We’ve all worked alongside the co-worker from hell – the office star so anxious to score she steals others’ victories; the snake in the grass who’s out for himself and sabotages others; the shirker so adept at dodging work that everyone else ends up overloaded. Some days these co-workers get under our skin and on bad days they push us into acting in ways we hate.

Although you can’t eliminate problem individuals from your work life, you can choose how much of your day they ruin. If you believe that things won’t get better until your co-worker from hell makes a change, you resign yourself to a waiting game in which your co-worker retains partial control over your work life.
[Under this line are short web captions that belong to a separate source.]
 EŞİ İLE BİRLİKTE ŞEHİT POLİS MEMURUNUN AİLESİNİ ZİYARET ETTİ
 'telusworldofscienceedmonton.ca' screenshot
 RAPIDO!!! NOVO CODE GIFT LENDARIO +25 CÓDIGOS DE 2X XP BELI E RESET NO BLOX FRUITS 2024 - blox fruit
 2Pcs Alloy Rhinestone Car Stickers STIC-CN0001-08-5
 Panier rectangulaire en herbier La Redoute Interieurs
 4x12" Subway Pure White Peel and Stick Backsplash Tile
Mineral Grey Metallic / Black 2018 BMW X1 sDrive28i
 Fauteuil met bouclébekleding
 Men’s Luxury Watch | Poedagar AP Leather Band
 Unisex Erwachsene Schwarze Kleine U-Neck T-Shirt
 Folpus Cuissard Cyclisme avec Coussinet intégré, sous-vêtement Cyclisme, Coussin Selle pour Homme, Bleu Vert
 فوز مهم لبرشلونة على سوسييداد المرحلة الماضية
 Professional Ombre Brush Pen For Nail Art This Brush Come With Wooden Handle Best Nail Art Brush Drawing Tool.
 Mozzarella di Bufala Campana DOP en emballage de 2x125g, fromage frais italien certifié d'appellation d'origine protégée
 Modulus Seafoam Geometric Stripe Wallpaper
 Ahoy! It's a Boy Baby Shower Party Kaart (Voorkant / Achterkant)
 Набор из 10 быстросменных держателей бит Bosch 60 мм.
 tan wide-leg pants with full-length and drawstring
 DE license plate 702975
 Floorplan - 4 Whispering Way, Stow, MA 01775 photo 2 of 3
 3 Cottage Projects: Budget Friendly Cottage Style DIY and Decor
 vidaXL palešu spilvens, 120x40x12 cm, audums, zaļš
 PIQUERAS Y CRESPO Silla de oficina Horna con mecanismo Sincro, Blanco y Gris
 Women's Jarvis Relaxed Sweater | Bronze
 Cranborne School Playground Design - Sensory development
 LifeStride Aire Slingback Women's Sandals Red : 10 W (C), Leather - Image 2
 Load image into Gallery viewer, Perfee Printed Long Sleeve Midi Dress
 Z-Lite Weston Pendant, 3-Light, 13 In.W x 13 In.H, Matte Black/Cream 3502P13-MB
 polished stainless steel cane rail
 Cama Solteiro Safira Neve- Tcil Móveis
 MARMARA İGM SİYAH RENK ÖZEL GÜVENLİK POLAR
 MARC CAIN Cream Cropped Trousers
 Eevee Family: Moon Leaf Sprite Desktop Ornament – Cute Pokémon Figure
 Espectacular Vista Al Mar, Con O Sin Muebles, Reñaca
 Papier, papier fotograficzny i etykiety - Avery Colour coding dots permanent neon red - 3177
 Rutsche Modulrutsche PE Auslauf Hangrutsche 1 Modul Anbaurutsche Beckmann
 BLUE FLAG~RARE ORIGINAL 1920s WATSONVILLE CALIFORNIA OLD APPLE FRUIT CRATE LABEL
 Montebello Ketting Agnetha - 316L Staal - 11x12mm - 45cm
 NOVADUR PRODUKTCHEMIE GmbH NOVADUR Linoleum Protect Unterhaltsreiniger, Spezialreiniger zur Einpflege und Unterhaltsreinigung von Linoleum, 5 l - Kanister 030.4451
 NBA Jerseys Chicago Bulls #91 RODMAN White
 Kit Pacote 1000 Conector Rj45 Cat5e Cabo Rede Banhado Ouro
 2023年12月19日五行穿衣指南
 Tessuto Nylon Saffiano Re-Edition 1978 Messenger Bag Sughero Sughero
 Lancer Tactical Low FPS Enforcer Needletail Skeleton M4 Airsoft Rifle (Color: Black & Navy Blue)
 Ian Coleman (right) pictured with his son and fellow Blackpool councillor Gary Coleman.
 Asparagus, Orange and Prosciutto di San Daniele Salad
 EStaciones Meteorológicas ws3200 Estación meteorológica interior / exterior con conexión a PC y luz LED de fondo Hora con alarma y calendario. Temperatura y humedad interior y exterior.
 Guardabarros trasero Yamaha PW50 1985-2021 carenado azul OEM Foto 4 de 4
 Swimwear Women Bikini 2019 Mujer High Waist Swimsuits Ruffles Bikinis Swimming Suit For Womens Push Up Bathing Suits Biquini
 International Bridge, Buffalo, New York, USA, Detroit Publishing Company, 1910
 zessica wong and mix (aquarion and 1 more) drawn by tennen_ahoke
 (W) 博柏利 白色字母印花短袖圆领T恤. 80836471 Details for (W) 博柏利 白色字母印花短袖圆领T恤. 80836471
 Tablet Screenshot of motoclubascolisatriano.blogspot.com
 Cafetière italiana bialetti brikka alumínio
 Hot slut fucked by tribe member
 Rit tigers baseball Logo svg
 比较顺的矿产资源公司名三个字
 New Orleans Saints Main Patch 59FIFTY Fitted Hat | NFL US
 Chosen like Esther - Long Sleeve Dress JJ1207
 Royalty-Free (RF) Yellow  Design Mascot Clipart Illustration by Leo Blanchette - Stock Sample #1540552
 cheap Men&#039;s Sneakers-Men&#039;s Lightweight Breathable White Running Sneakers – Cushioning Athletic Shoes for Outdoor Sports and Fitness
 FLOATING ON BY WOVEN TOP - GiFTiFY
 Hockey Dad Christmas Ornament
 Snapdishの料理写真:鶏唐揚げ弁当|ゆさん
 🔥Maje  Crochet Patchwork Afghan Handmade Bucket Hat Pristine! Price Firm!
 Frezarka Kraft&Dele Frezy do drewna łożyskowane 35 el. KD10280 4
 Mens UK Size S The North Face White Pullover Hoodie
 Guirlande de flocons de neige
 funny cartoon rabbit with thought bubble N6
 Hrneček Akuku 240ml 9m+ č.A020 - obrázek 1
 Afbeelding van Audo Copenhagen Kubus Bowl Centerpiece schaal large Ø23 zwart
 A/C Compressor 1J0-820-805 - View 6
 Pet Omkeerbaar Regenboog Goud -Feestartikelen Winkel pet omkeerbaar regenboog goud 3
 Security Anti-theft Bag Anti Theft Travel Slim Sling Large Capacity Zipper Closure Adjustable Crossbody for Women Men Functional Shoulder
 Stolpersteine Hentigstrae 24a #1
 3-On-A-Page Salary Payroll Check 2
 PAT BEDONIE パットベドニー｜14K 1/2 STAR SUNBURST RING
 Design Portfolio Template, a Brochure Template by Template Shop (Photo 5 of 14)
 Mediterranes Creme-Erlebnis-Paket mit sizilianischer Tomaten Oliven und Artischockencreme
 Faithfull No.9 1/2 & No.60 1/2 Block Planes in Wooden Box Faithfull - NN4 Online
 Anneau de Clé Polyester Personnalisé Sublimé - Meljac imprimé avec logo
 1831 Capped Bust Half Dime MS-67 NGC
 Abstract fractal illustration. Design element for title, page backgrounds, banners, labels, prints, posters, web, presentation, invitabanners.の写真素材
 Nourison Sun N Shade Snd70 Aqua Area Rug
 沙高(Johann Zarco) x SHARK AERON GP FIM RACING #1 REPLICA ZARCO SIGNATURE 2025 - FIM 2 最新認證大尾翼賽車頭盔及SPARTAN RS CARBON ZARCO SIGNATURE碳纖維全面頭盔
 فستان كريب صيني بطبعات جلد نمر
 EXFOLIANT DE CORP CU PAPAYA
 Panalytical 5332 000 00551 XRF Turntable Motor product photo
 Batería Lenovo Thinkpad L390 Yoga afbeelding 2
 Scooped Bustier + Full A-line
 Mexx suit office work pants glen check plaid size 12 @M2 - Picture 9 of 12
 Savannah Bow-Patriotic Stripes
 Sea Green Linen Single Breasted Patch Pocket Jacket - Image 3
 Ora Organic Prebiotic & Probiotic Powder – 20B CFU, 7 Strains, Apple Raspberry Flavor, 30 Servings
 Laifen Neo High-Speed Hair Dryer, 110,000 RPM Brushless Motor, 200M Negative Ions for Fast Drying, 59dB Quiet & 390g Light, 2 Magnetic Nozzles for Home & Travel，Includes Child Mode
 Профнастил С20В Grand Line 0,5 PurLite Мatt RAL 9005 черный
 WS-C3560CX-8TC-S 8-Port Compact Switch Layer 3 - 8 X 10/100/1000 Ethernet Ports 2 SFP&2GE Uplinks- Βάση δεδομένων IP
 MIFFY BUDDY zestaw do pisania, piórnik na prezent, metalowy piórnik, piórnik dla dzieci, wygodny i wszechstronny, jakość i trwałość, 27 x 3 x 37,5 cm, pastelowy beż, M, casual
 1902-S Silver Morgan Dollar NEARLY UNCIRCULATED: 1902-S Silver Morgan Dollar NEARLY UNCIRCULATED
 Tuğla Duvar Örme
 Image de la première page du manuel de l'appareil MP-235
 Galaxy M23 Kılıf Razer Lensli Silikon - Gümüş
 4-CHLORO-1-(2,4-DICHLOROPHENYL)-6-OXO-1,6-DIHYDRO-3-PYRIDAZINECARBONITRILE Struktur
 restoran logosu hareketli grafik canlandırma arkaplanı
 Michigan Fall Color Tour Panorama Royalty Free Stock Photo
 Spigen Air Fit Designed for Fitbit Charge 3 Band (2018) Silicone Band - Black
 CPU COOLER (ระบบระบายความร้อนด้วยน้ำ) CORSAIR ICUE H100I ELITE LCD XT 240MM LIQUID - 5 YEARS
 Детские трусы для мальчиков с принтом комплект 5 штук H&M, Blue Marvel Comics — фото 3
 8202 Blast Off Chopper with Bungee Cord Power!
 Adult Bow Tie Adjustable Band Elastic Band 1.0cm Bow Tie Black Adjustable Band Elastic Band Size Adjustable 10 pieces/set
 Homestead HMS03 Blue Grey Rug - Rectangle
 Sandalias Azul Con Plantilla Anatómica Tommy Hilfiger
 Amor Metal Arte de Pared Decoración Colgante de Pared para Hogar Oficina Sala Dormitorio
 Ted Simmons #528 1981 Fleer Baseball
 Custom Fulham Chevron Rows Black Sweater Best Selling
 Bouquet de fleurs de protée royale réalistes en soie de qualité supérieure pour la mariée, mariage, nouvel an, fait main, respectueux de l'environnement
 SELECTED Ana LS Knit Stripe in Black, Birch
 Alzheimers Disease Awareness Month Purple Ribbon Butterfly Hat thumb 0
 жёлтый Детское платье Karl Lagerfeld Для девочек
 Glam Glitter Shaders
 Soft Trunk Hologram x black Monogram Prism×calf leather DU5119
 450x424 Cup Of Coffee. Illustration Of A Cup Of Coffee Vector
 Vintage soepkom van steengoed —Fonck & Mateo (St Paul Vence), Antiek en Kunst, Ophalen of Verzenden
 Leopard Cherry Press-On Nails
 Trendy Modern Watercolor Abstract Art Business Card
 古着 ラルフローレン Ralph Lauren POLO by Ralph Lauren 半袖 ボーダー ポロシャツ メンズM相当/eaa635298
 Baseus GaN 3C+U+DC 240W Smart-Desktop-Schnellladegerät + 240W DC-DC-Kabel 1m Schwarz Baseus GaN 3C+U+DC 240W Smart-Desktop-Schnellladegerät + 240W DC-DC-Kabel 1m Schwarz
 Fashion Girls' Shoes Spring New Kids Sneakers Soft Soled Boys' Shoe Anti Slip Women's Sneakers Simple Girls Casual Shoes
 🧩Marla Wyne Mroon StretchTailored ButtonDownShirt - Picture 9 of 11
If, however, you decide you can improve the situation regardless of your co-worker’s behavior, you take back control over your work life.

To get "out of hell," start by identifying how you’re reacting and contrast that with how you want to react and what you want to accomplish. Once you decide on a goal for both yourself and the situation, you can strategize a new, more effective game plan.

Let’s say, for example, you work alongside an office snake who tries to make himself look better to your boss and others by making you look worse. Most office snakes succeed because the employee under attack doesn’t want to sink to the snake’s level and others can’t quite believe that the snake could operate with so little integrity. As a result, the snake successfully poisons his target and the rest of us spend valuable energy trying to figure out what just happened.

If you sense a snake in the office grass taking aim at you, step up the frequency and quality of your upward communication to your boss. You become a more daunting target, thus less vulnerable to attack when you become more visible through upward communication. As a secondary gain, by countering the snake with preventative action, you often enhance your relationship with your boss.

If the office star makes you sizzle, realize her star trip needn’t destroy your own chance to excel. Focus on your own goals and duties and decide what you need to do to earn an "A" in your own mind and your supervisor’s view. Also, realize that while your local office star may turn many off by overzealously claiming credit, she offers a good reminder to you that you don’t always get ahead by working hard alone. In short, turn your irritation into inspiration by learning to let others know what you can do and have done.

If you work next to a shirker who pretends to be busy while her work migrates to your desk, place the migration on display. When you first meet with your office shirker about an upcoming project ask, "What do you intend to be your part of this shared responsibility?" If the shirker offers to take a lion’s share and later reneges, respond, "I can take over this portion that you’d offered to do, I just need to check with my supervisor about shifting my other priorities."

Because peer pressure often proves more effective than supervisor action with work shirkers, if your co-worker evades work by claiming a phony overload, let him know you see through the smoke screen by innocuously asking, "I’m curious, what it is you work on all day?" If, however, this fails, enlist your supervisor’s support. By asking your boss, "I’m wondering, ‘Robert’ and I seem to be picking up a lot of ‘Paul’s’ work. If you could clarify each of our chief responsibilities, it would help a lot," you signal that a problem he needs to deal with lurks below his normal radar screen.

In short, if you currently work with a co-worker from hell who pushes you to act in ways you don’t want to, don’t. Even when your co-worker creates the problem, you can create the solution.